I one hundred per cent respect my illness, know my many limitations and look to avoid the ‘CF banana skin’ of trying to dismiss it and not take it seriously enough.
A lot of willpower is required to win this ongoing battle. When you get to a certain age you tend to balk at doing things that you just don’t want to do and believe me doing my treatment is the last thing in the world I want to do. I have to knuckle down every day of my life and continually do these unpleasant acts of medication. I only get out of my body what I am prepared to put into it.
I do at times have to bite my tongue when people I encounter complain about their short-term health issue but do nothing about it. Or those that make a big fuss at the dinner table about taking just one tablet. I’ve also witnessed guys who milk their condition or injury for all it’s worth and feed off of the novelty factor. These are often the same people who don’t take any medication to get it fixed but prolong their own agony and that of those around them. I prefer to say nothing and let my actions do the talking. But I’ve had nearly 40 years to get used to my afflictions – I’ve never known anything different.

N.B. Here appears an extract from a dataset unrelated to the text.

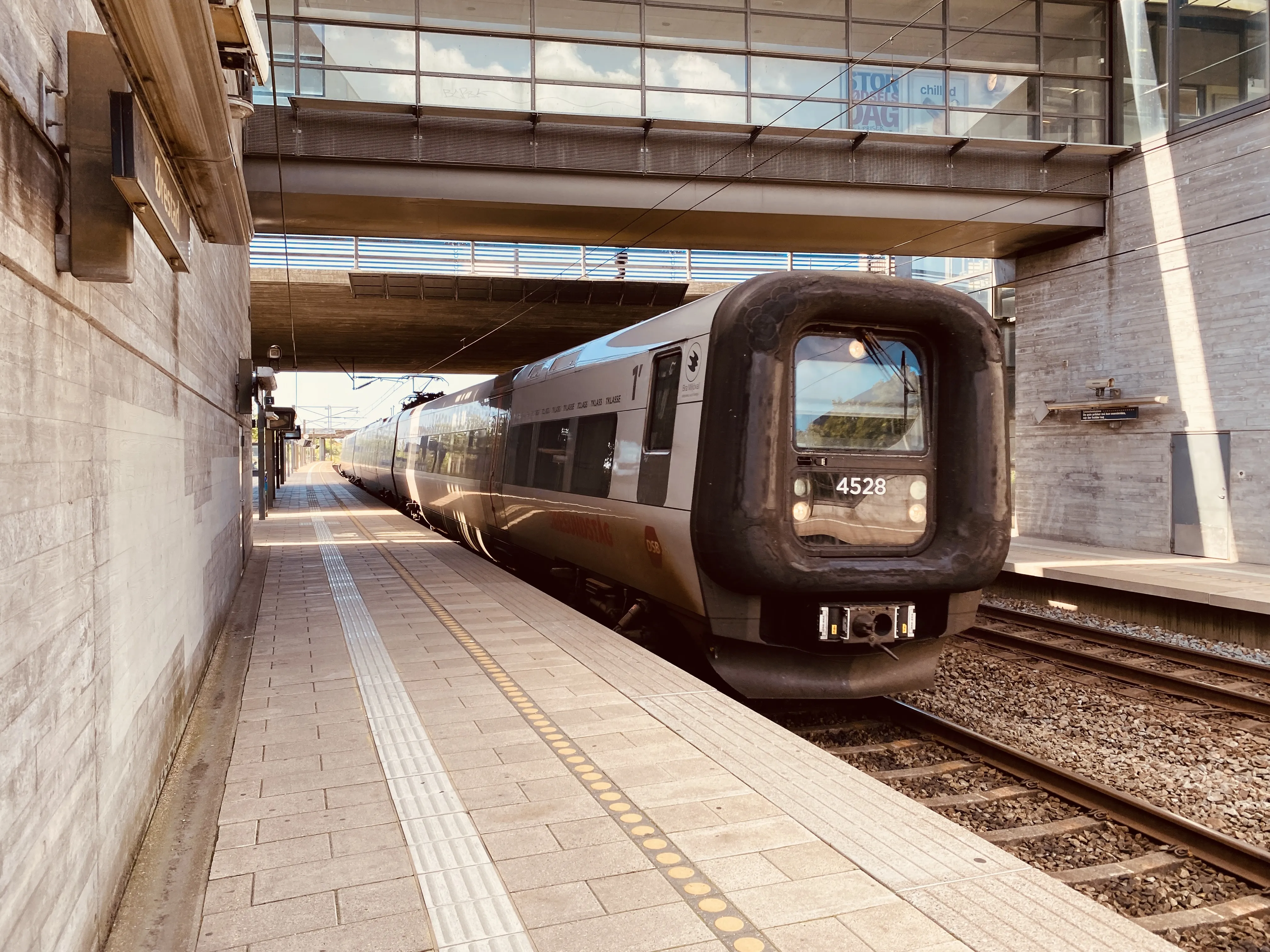 Billede af DSB ET  4328 fotograferet ud for Ørestad Trinbræt.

I have to respect this illness 365 days a year and especially at times when I would rather kick-back and have some time off: Christmas day, birthdays, my wedding day and honeymoon, holidays, travel, before and after work – I don’t get a day off with this condition. The symptoms of CF and diabetes don’t take a day off and neither can I. I can take a holiday but CF doesn’t take a holiday from me. I’ve calculated that if I had just two weeks off from taking all my various medications, I would be seriously ill in hospital.

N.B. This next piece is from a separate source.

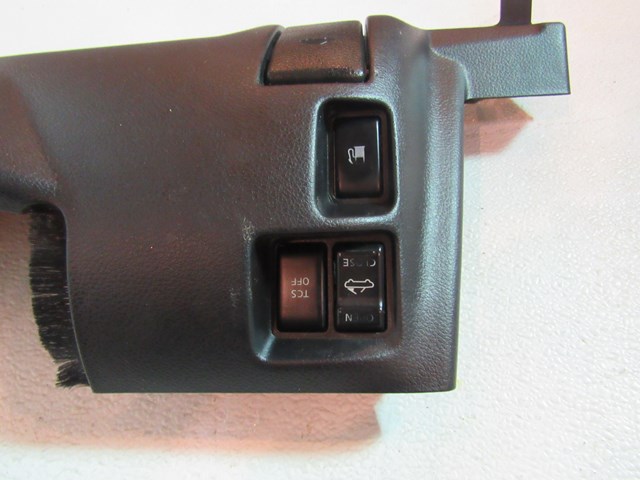 07 Nissan 350z Convertible LH Under Steering Dash Panel Buttons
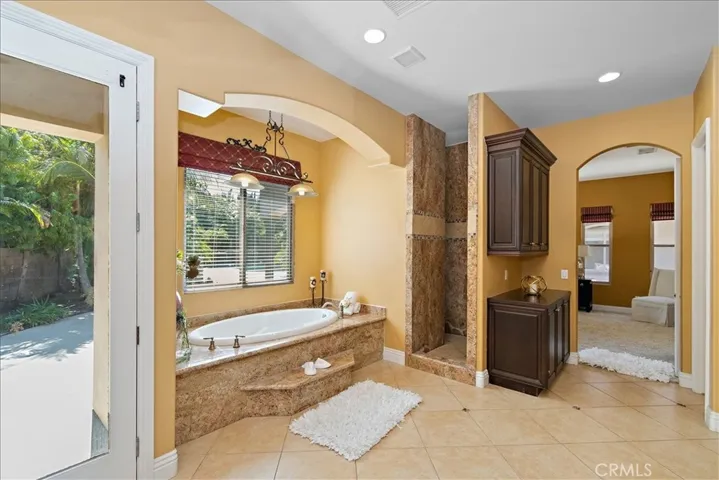 1264 Amin Cir, Corona, California 92881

If I fail to prepare for daily eventualities, I am preparing to be caught out and potentially be affected. Following a ‘just in case’ mantra, I always plan for the next day, work, social commitments and the weather. My work bag is always stocked with my daily pills, insulin and dextrose energy sweets. I bet I’m one of the few men who would go out on a stag do armed with an umbrella so that I don’t get wet and damp! As soon as I’ve played sport or if I get caught in the rain, I’ll take a shower to avoid catching a chill. It’s being spectacularly practical rather than spontaneous. Spontaneity is something that happens to other people who live in a parallel universe to me.

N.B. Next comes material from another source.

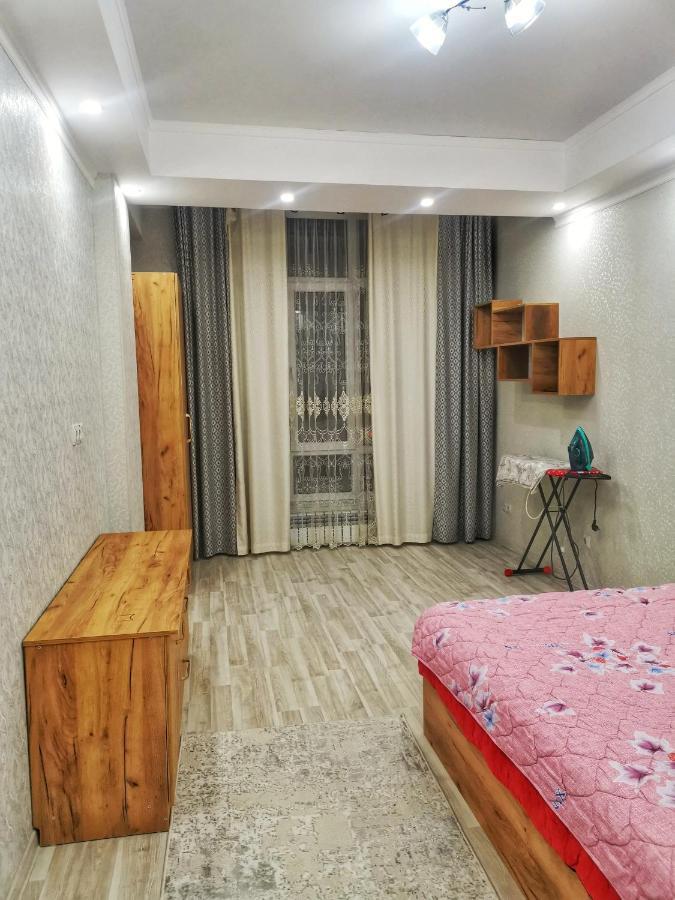 Central Apartment Bishkek Exterior foto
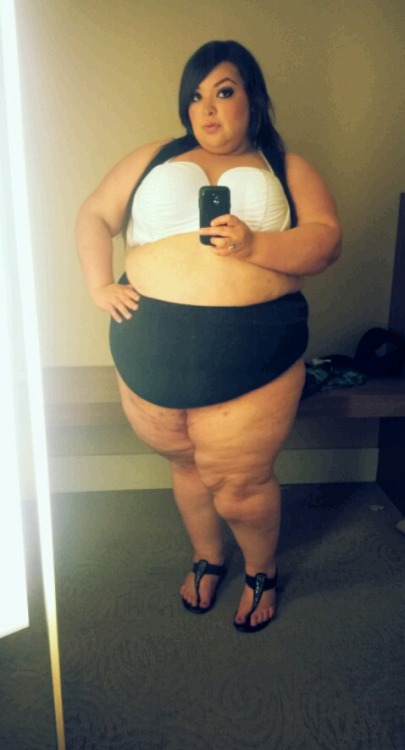 bigcutieaspen:  Went shopping the other day! Loved this swim top :)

I get angry on a daily basis about my drug regime, but I have learned to channel that anger and frustration. I focus my thoughts on what activity – tube to work, playing sport, game with my son, meal with my wife, night out with friends – I will do once that piece of medication has been completed, rather than on the actual treatment itself. I very rarely vent my anger and frustration with those around me and I’m learning to be more open as I write this diary.
I re-join my body back on the bench. I’m now calm and at peace as I sit in the delightfully calm twilight moment that only really pervades on a still summer’s evening. I think of friends who can just exist without having to put themselves through this form of exercise torture and I envy them. My God, I envy them. Sometimes I feel that ignorance would be bliss.
However tough it is for me to bear, exercise is my version of treading water in the ocean. Once I stop, I’ll drown and that will be it. I’ve literally got no other choice but to keep on going with it. By forcing myself to breathe hard while exercising, I in turn breathe life into my lungs. While there’s still breath left in me, I will continue to run for my very life.
Everyday I’m shaken by my disease but I try not to be too stirred and respond by shaking it back. After all, I’m still here. I’m still running. I won’t back down.